Title:Self-Assembled Tocopherol-Albumin Nanoparticles with Full Biocompatibility
for Chemo-photothermal Therapy against Breast Cancer
Volume: 19
Issue: 1
Author(s): Haijun Shen, Qianqian Gao, Tingting Liu, Haoran Wang, Ran Zhang, Jie Zhou, Sihui Ding, Yang Ye and Zhenhua Sun*
Affiliation:
- Department of Thyroid and Breast Surgery, The Affiliated Hospital of Jiangsu University,
Zhenjiang, Jiangsu 212001, China
Keywords:
Combination therapy, photothermal therapy, chemotherapy, biocompatibility, albumin nanoparticles, tocopherol.
Abstract: Background: The combination of photothermal therapy (PTT) and chemotherapy has
proven to be a promising strategy for cancer treatment. Various nanomaterials have shown great potential
in combination therapy, including gold, graphene oxide, iron oxide, and other nanoparticles.
However, their undefinable toxicity in vivo greatly slowed down their development for clinical applications.
Objective: The present work aimed to develop a multifunctional nanoparticle for chemo-photothermal
therapy composed of acknowledged biocompatible materials.
Methods: A novel biocompatible nanoparticle (HIT-NPs) was self-assembled through the intrinsic
interaction between D-α-tocopherol Succinate (TOS), human serum albumin (HSA) and indocyanine
green (ICG). Doxorubicin (DOX) was then loaded due to the ion pairing between DOX and
TOS. The feasibility of combined chemo-photothermal therapy induced by DOX-loaded HIT-NPs
was carefully evaluated.
Results: In vitro, HIT-NPs showed no cytotoxicity on human normal liver cells (HL-7702 cells)

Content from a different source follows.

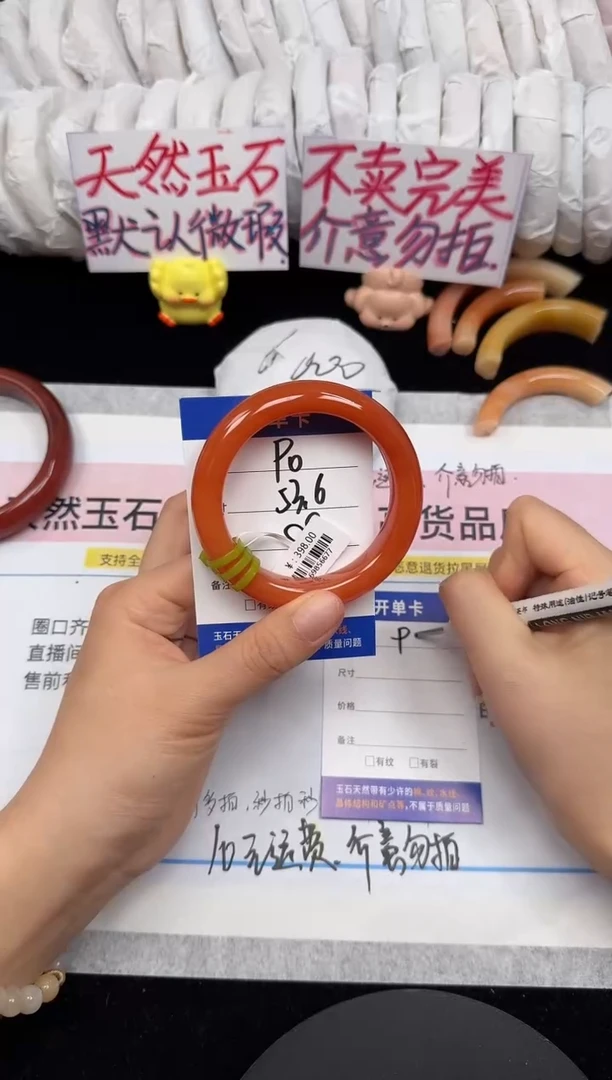 未镶嵌手镯石英质玉90/53.6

but obvious killing effects on murine breast cancer cells (4T1 cells). The combined chemo-photothermal
therapeutic effect on 4T1 cells was successfully obtained. DOX-loaded HIT-NPs could
effectively accumulate in 4T1 subcutaneous tumors after intravenous injection, and the tumor temperature
rapidly increased under laser exposure, indicating the feasibility of PTT in vivo.
Conclusion: The self-assembled HIT-NPs could provide a promising platform for combined chemo-
photothermal cancer therapy with full biocompatibility.